According to Wardle, the biggest diference between Brazil and France, the United Kingdom, the U.S. and Germany, countries where First Draft has already worked with fact-checking projects, is the use of WhatsApp. In these countries, the application is used as an SMS service, she said, while in Brazil there is a culture of sharing links and content in groups with tens and even hundreds of people. "So, for Comprova we're having to develop a WhatsApp dissemination strategy, involving local ambassadors/influencers."

Other institutional partners of Comprova are the National Association of Newspapers (ANJ), RBMDF Associados, Harvard University Office in Brazil, Torabit, Ideal H + K Strategies and Twitter.

Concern about ‘giving oxygen’ to rumors

A delicate issue that is already being debated by participants of the initiative is the decision around when erroneous information shared on the internet should be checked and its truthfulness challenged by Comprova.

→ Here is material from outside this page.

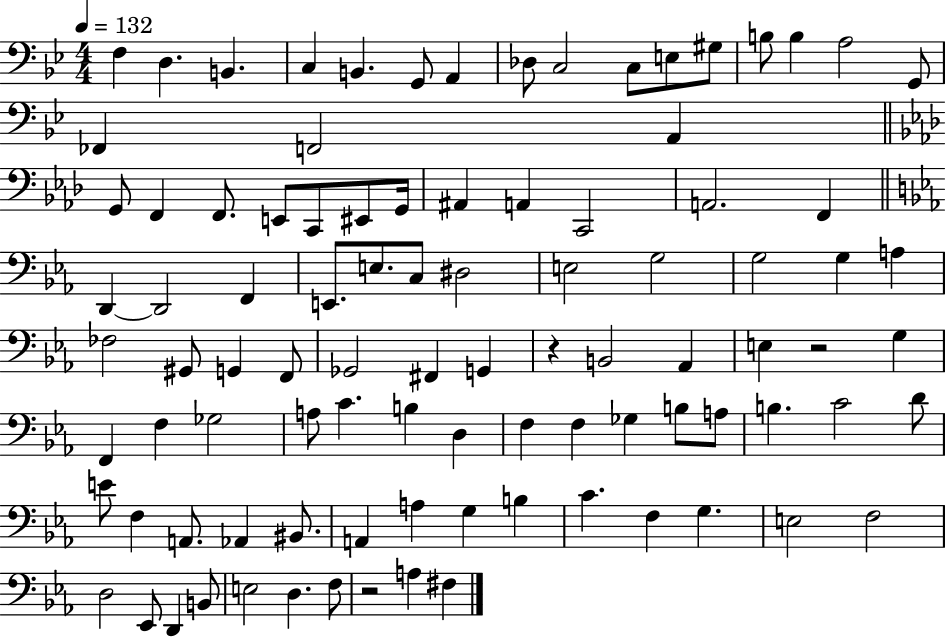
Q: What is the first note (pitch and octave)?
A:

The concern is "to assess case by case if, in exposing that rumor, it is being prevented from spreading or giving oxygen to it," Bramatti said. "If a rumor is too restricted to a certain group or niche, it's best that it stays there. But when you start to see it spreading to multiple platforms, going to WhatsApp, Facebook, Twitter, we're going to try to give it a ‘vaccine’ with the check,” he said.

"This tipping point, the time to do it, is very difficult, because it does not have a metric," said Rodrigues, of Poder360. "What if it's a post with 10,000 likes? Oh, okay, 10,000 yes. What if it’s 9,500 likes? What if it's 50,000? It's difficult, it's human activity. For this very reason, journalism is done by human beings, not by robots. We'll have to evaluate very carefully."

For the president of Abraji, Comprova is "a great experiment."

"We are entering into this with the public good in mind. We know there is a problem and we will try to help. We do not know to what extent our initiative will have a great effect or if it will have a marginal effect. Our intention is for it to be meaningful," Bramatti said, adding that the impact of the project will be measured after its closure, after the second round of elections scheduled for October 28.

Despite uncertainty about the project’s impact in the fight against disinformation in the elections, Comprova’s potential is supported by the diversity of participating outlets, which reach audiences with varied interests and habits of information consumption.

"Everyone will publish, 24 small, medium and large outlets, that’s what we can do," said Rodrigues. "We cannot fix the whole world. One phrase I love is that 'great is the enemy of good.' What we are doing is more than good, it is very relevant, very comprehensive. If that is not enough, it's a pity, but it's within the scope of our possibilities."

 

*The story was updated to include comments from Claire Wardle.